This tutorial provides a step-by-step guide on how to perform powder diffraction indexing with ReX.Cell. The example is pretty simple, but extension to more complicated cases should be straightforward.
First of all, download and install the ReX.Cell package specific for your platform. After launching the program, the main application window should appear:
The application window contains several “views”, all of which are basically empty immediately after loading the program. On the top left, the “Dataset” view shows a list of the loaded diffraction patterns; below, the “Peaks List” view displays the diffraction peaks found in the active diffraction pattern. On the right, the currently selected pattern is displayed in a xy plot; immediately below, the “Solutions” view contains a list of the found indexing solutions.
Now, download the example diffraction pattern on which we are going to perform the whole peak search and indexing procedure. The diffraction data was obtained from Armel le Bail’s Powbase repository (entry number 88). After unzipping the archive, click on the “Load data” button located on top of the Dataset view, the select the 88.dat file; after a confirmation dialog, the diffraction pattern should appear in the Plot view:
Before performing the peak search, we are going to restrict the data interval to a smaller region. To do this, select the diffraction pattern (88.dat) in the Dataset view and double click on it (or alternatively click on the “Edit…” button ). In the “Edit pattern” dialog, set 10° and 40° for the x min and x max used values, respectively; after closing the window, the pattern plot is updated according to the new interval.
The first page of the wizard simply asks which diffraction pattern to work on; just click on the “Next” button, which brings us to the Data processing page. Here, we have the chance to apply basic pre-processing operation to the diffraction data, namely background subtraction and radiation stripping; in this case, only background subtraction is needed, which is automatically applied when checking the “Subtract background from pattern” checkbox. The background subtracted pattern is displayed in blue in the plot window; changing the type and parameters of background model (combobox and “Edit…” button nearby) changes the pattern accordingly.
After subtracting the background, click the “Next” button to proceed to the peak search page.
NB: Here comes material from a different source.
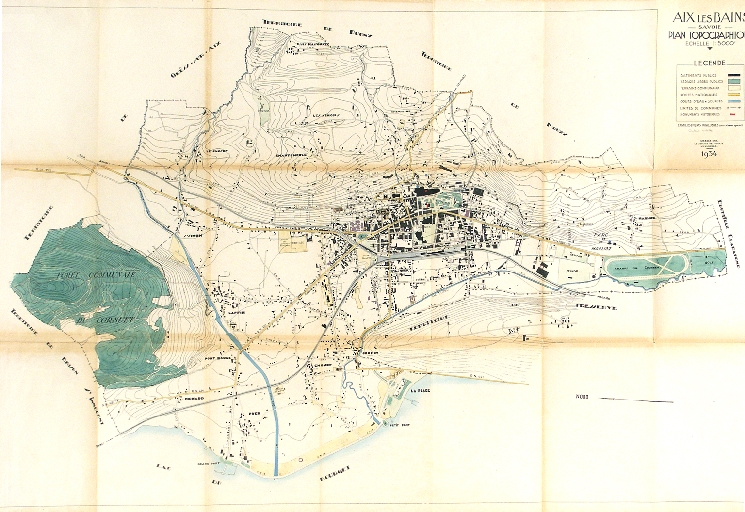 Ville d'Aix-les-Bains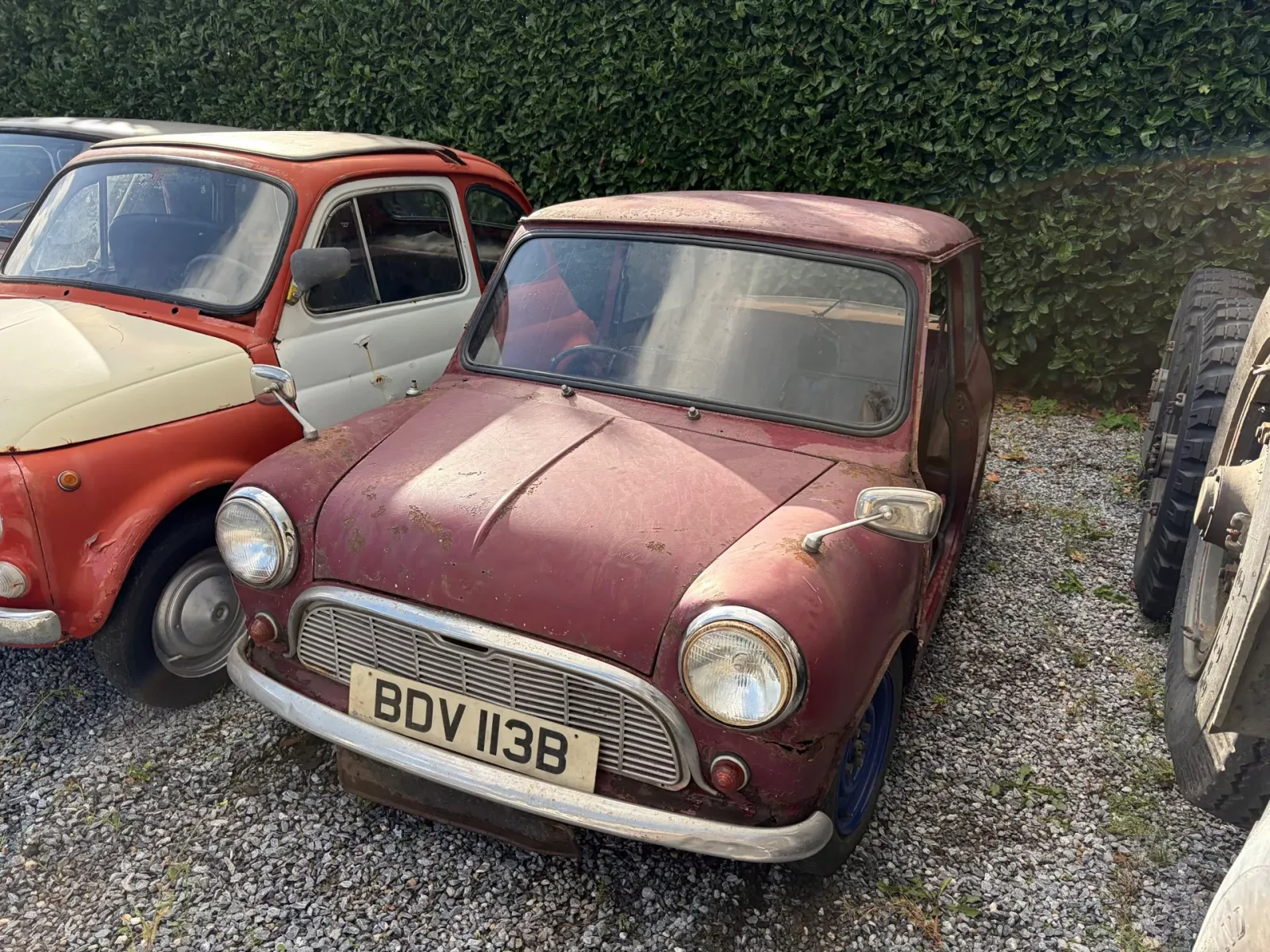 MINI Mk1 (1964) — foto 1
The peak finding is based on a two-step procedure: first the pattern is processed through a Savitzky-Golay method, then peak maxima are found using a second derivative search. Both steps can be configured in the graphical user interface, in the “Data smoothing” and the “Peak detection” sub-panels, respectively.
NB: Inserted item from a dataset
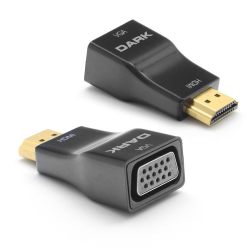 Dark Hdmi- Vga D&Ouml;N&Uuml;Şt&Uuml;R&Uuml;C&Uuml; [Dk-Hd-Ahdmixvga5]
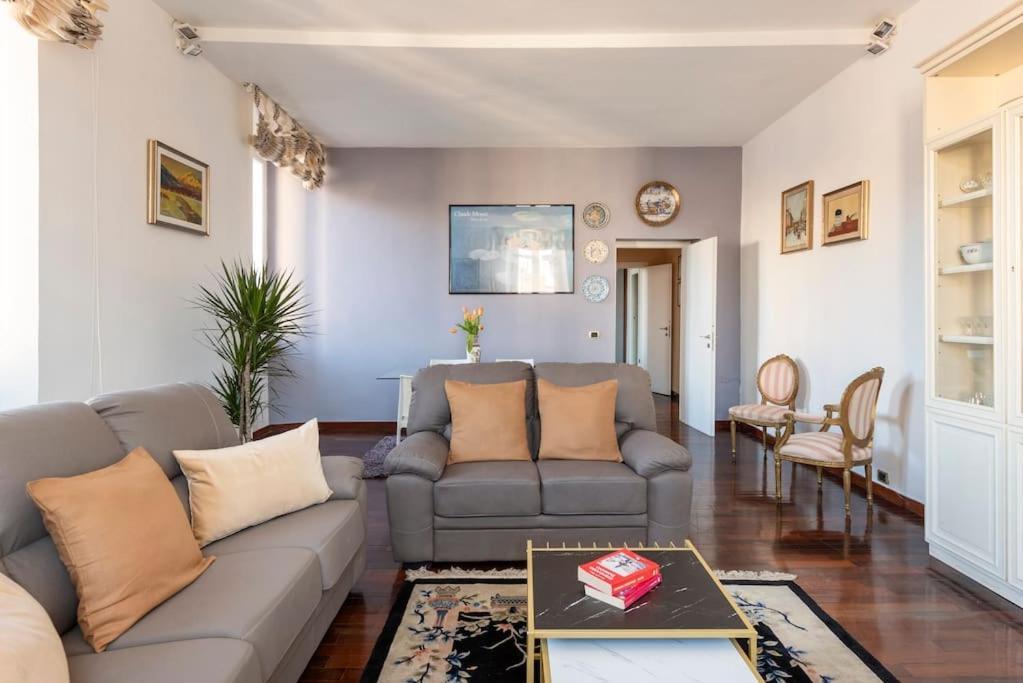 Stunning Center Rome Apartment Eksteriør bilde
Initially, the pattern plot shows the peak positions automatically found with the standard option values applied:
In our case, only the “Average FWHM” value needs to be slightly increased to obtain a satisfying results (e.g. 0.07 or 0.08). You may want to experiment a little bit with the option values and see in real time how this affect the peaks list; notice that you can zoom and pan the plot at any time to observe a particular region of the pattern. After you are reasonably satisfied with the results, click “Finish” to end the wizard. The Peaks List view shows now the found diffraction peaks along with their relative intensities and positions (in both 2-theta and d-spacing).
At this point, we can modify the peaks list by deleting wrongly positioned peaks or adding new ones. To delete an unwanted peak, simply select it in the peaks list view (it will turn blue in the plot window) then click on the “Delete” button. To add a new peak, position the cursor in the plot window at the wanted position and double click; a new peak will appear in both the plot view and the peaks list. Alternatively, you can click on the “Add new peak” button and manually enter the peak data in the dialog that shows up.
At this point we can proceed with the indexing. In the Peaks List view, locate the “Run indexing” button and press it; a new window will appear, showing the indexing options. In the combo box, make sure “Dicvol 06” is selected; the press the “Options…” button. In the Options panel, which opens add the “Monoclinic” symmetry by selecting the corresponding checkbox:
Close the options panel and click on the Run “button”; this starts the Dicvol indexing program, which completes pretty quickly (unless the peak selection was incorrectly carried out, and one or more “impurity” peaks are present). If the indexing is successful, one or more entries should appear in the “Solutions” view (below the Plot view); in our case, the first (and probably only) solution is the correct one.
It is possible to compare the indexed solutions with the original peaks list simply by clicking on the solution entries: the corresponding calculated peaks list appear in blue below the experimental peaks list, displayed in green. It is also possible to directly examine the program output by clicking on the “Output” button.
At this point, you may choose to perform the indexing again with different indexing options or a different indexing program; manual edit of the input file is also supported. Please notice however, that any change in the graphical option panel after the manual edit override any previous manual input.
You can finally export the selected solution by clicking the “Export solution…” button ; support for different structural format is provided, among which the *.cif format is probably the most convenient.
This concludes the indexing tutorial; you may want to experiment again with this example by choosing different options in the peak search wizard and others indexing programs, and see how these choices affects the indexing results.